K-mean alignment and variants for functional data

kma(
  x,
  y,
  n_clusters = 1L,
  warping_class = c("affine", "dilation", "none", "shift", "srsf"),
  seeds = NULL,
  maximum_number_of_iterations = 100L,
  centroid_type = c("mean", "medoid"),
  distance = c("l2", "pearson"),
  warping_options = c(0.15, 0.15),
  number_of_threads = 1L,
  parallel_method = 0L,
  distance_relative_tolerance = 0.001,
  use_fence = FALSE,
  check_total_dissimilarity = TRUE,
  use_verbose = TRUE,
  compute_overall_center = FALSE
)

Arguments

x

A numeric matrix of shape nObs x nPts specifying the evaluation grid of each observation.

y

A numeric array of shape nObs x nDim x nPts specifying the observation values.

n_clusters

An integer value specifying the number of clusters. Defaults to 1L.

warping_class

A string specifying the warping class Choices are "affine", "dilation", "none", "shift" or "srsf". Defaults to "affine". The SRSF class is the only class which is boundary-preserving.

seeds

An integer vector of length n_clust specifying the indices of the initial templates. Defaults to NULL, which boils down to randomly sampled indices.
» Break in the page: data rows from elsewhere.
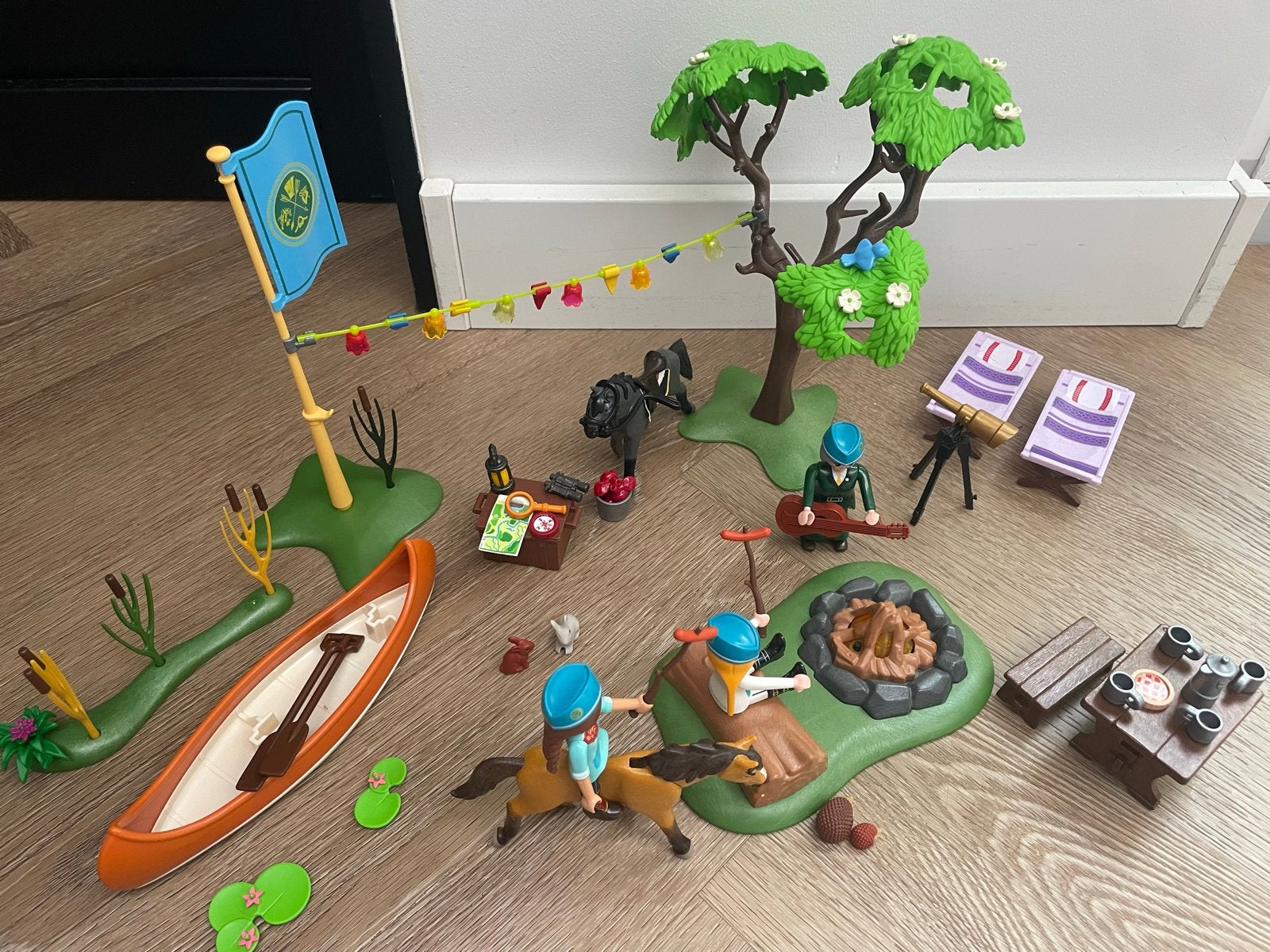 Playmobil Spirit Riding Free - Paardenkamp (70329), Gebruikt, Complete set, Overige typen, Ophalen of Verzenden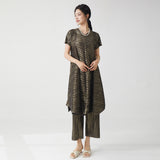 2025 temperament suit women's high-end skirt irregular dress straight pants large size fashion two-piece set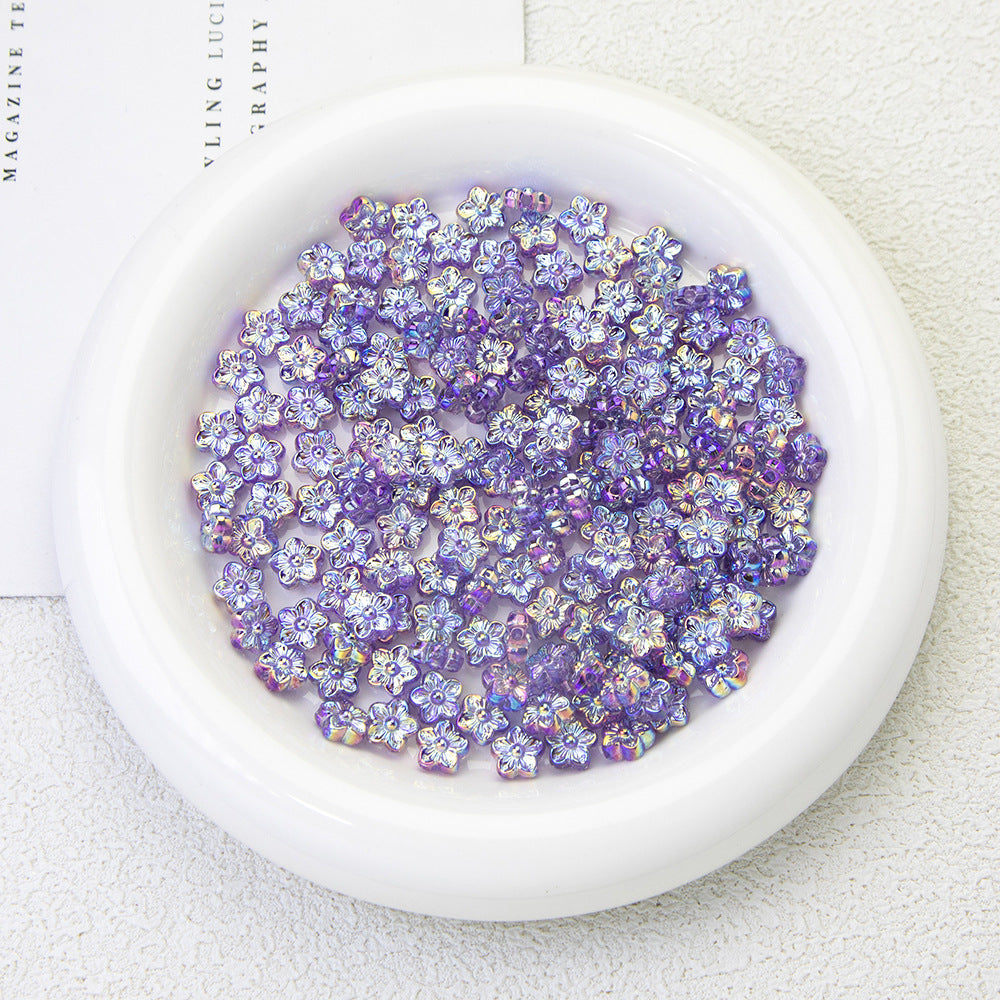 Lavender Moonlight Electroplated Acrylic Beads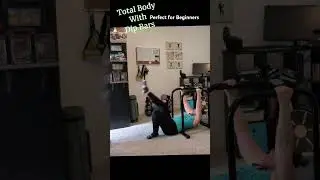 Dip Bar Workout! (Total Body!) #athomeworkout #strengthtraining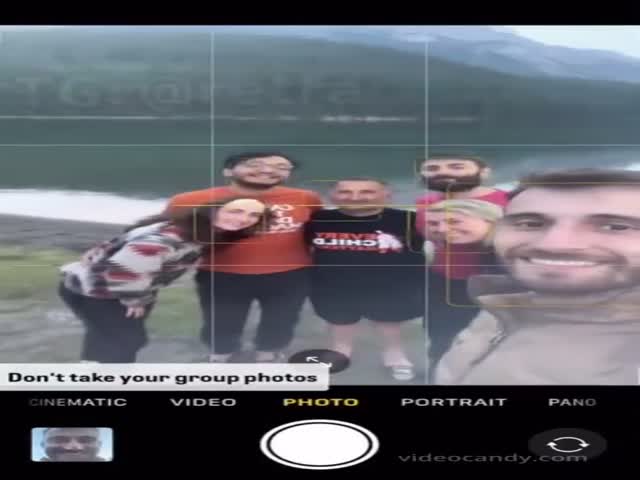 How To Take A Group Photo Using Panorama So Everyone Fits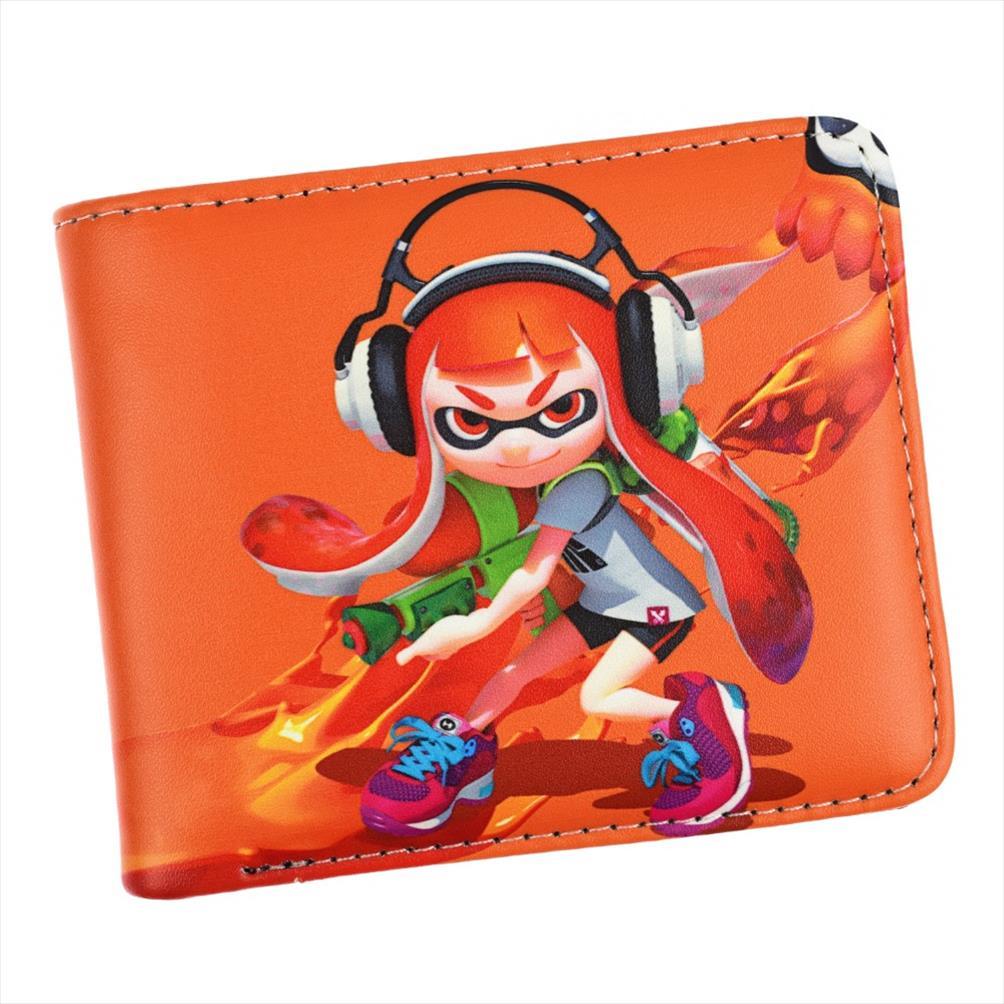 arrival colorful game wallet splatoon 2 youth bifold purse with card holder coin pocket, Red;black
arrival colorful game wallet splatoon 2 youth bifold purse with card holder coin pocket, Red;black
maximum_number_of_iterations

An integer specifying the maximum number of iterations before the algorithm stops (default: 100L).

centroid_type

A string specifying the type of centroid to compute. Choices are "mean" or "medoid". Defaults to "mean". This is used only when warping_class != "srsf". When warping_class = "srsf, the mean is systematically used.

distance

A string specifying the distance used to compare curves. Choices are "l2" or "pearson". Defaults to "l2". This is used only when warping_class != "srsf".

warping_options

A numeric vector supplied as a helper to the chosen warping_class to decide on warping parameter bounds. This is used only when warping_class != "srsf".

number_of_threads

An integer value specifying the number of threads used for parallelization. Defaults to 1L. This is used only when warping_class != "srsf".

parallel_method

An integer value specifying the type of desired parallelization for template computation, If 0L, templates are computed in parallel. If 1L, parallelization occurs within a single template computation (only for the medoid method as of now). Defaults to 0L. This is used only when warping_class != "srsf".

distance_relative_tolerance

A numeric value specifying a relative tolerance on the distance update between two iterations. If all observations have not sufficiently improved in that sense, the algorithm stops. Defaults to 1e-3. This is used only when warping_class != "srsf".

use_fence

A boolean specifying whether the fence algorithm should be used to robustify the algorithm against outliers. Defaults to FALSE. This is used only when warping_class != "srsf".

check_total_dissimilarity

A boolean specifying whether an additional stopping criterion based on improvement of the total dissimilarity should be used. Defaults to TRUE. This is used only when warping_class != "srsf".

use_verbose

A boolean specifying whether the algorithm should output details of the steps to the console. Defaults to TRUE. This is used only when warping_class != "srsf".

compute_overall_center

A boolean specifying whether the overall center should be also computed. Defaults to FALSE. This is used only when warping_class != "srsf".

Value

An object of class kma, which is a list with the following components:

original_curves: A numeric matrix of shape \(N \times L \times M\)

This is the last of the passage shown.